In the example shown in FIGS. 8, 9 and 10, an example curtain trolley 86 includes a pair of rollers 88 mounted to a frame 90 comprising a unitary piece of sheet metal. Each roller 88 is an example of a roller apparatus, wherein the term, “roller apparatus” refers to one or more rollers rotatable about a single linear axis. Examples of a roller apparatus include a single roller on one axle, two collinear rollers on the same axle, and any plurality of collinear rollers sharing the same axle. Frame 90 is bent or formed in a V-shape having a first leg 90a and a second leg 90b extending upward from a lower section 90c. In some examples, first and second legs 90a and 90b have, respectively, first and second substantially flat faces 92a and 92b that face downward or away from the track 14. First and second substantially flat faces 92a and 92b define a pair of planes 94a and 94b, respectively, that intersect along a line 96 proximate lower section 90c.

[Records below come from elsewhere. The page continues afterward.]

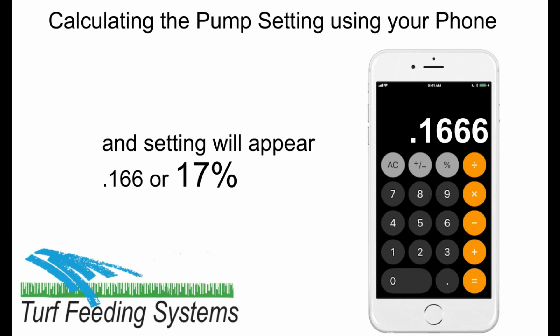0.166 is the pump setting, or 17%. If your pump has a different capacity, enter it here and it will give you the setting for your pump.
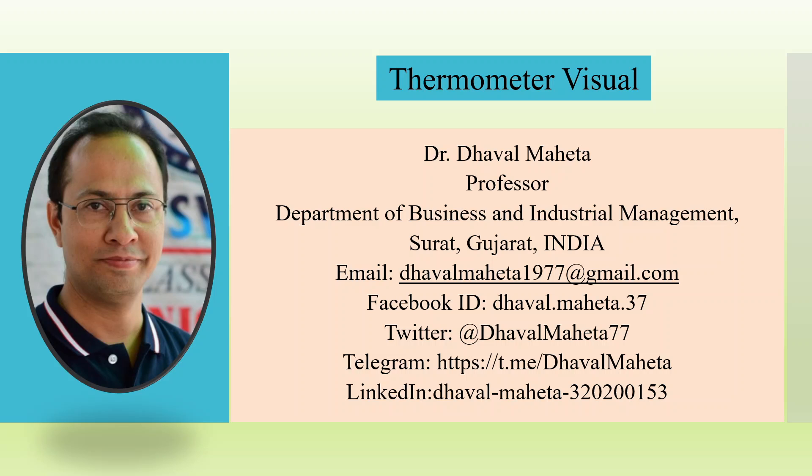Hello to all my viewers, this is Dr. Dhaval Maheta and today I will explain how to create Thermometer Visual in Power BI.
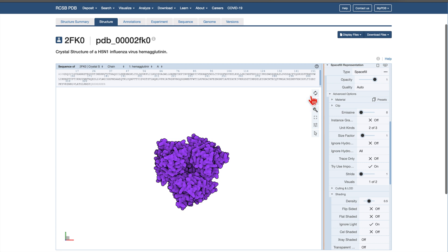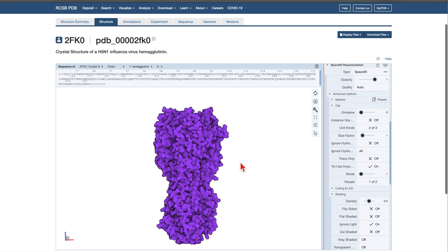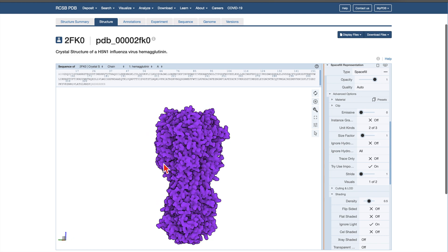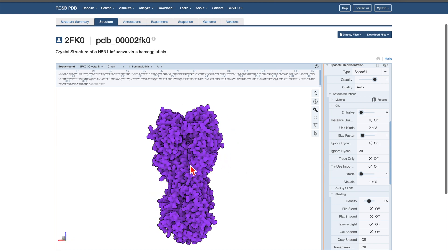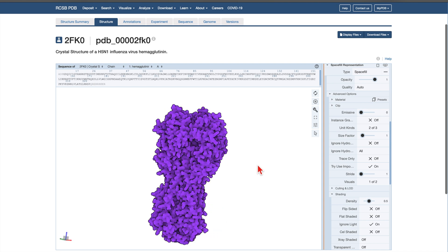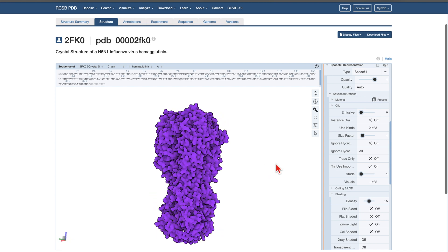And that's it! You've now created an illustrative rendering of a molecular structure in MolStar, suitable for presentations, publications, or educational materials. Feel free to apply these steps to any biomolecule you're working with. Thanks for watching, and happy modeling!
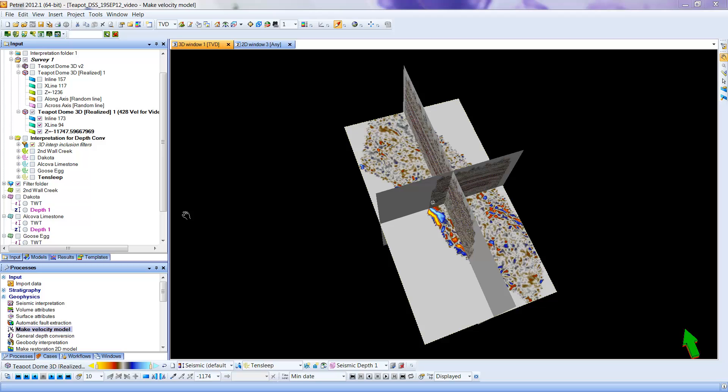In the last video, I showed you how to velocity-depth convert the seismic volume that we're looking at at Teapot. Now I'd like to show you how we can take the horizons that have already been turned into surfaces in time and convert those into depth so that they will show as surfaces with the correct relationship to the seismic horizons that we see in the depth-converted data.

A first axle 98 defining a first axis 100 connects a first roller 88 to first leg 90a, and a second axle 102 defining a second axis 104 connects a second roller 88 to second leg 90b. In some examples, axles 98 and 102 are standard shoulder screws. First and second axles 98 and 102 are attached to frame 90 and extend upward from first and second anchor points 105 and 106, respectively. With frame 90 being generally V-shaped, axles 98 and 102 are tilted out of parallel alignment with each other.

To promote drainage from frame 90 and thus avoid harboring bacteria, curtain trolley 86 has a curtain hanging point or hook 108 that is offset relative to (e.g., the axes 100 and 104 of) rollers 88 so that curtain trolley 86 hangs from track 14 at an angle 110 while supporting curtain 10, as shown in FIG. 10. In other words, the trolley 86 has rollers 88 that are horizontally offset by a dimension 114 relative to a point 108 from which the curtain 10 hangs so that the weight of the curtain 10 tilts the curtain trolley 86 to promote liquid runoff from the frame 90. Specifically, axes 100 and 104 lie along and define a plane 112, and hanging point 108 is offset and spaced apart from plane 112 as indicated by dimension 114 in FIG. 9.

Although certain example methods, apparatus and articles of manufacture have been described herein, the scope of the coverage of this patent is not limited thereto. On the contrary, this patent covers all methods, apparatus and articles of manufacture fairly falling within the scope of the appended claims either literally or under the doctrine of equivalents.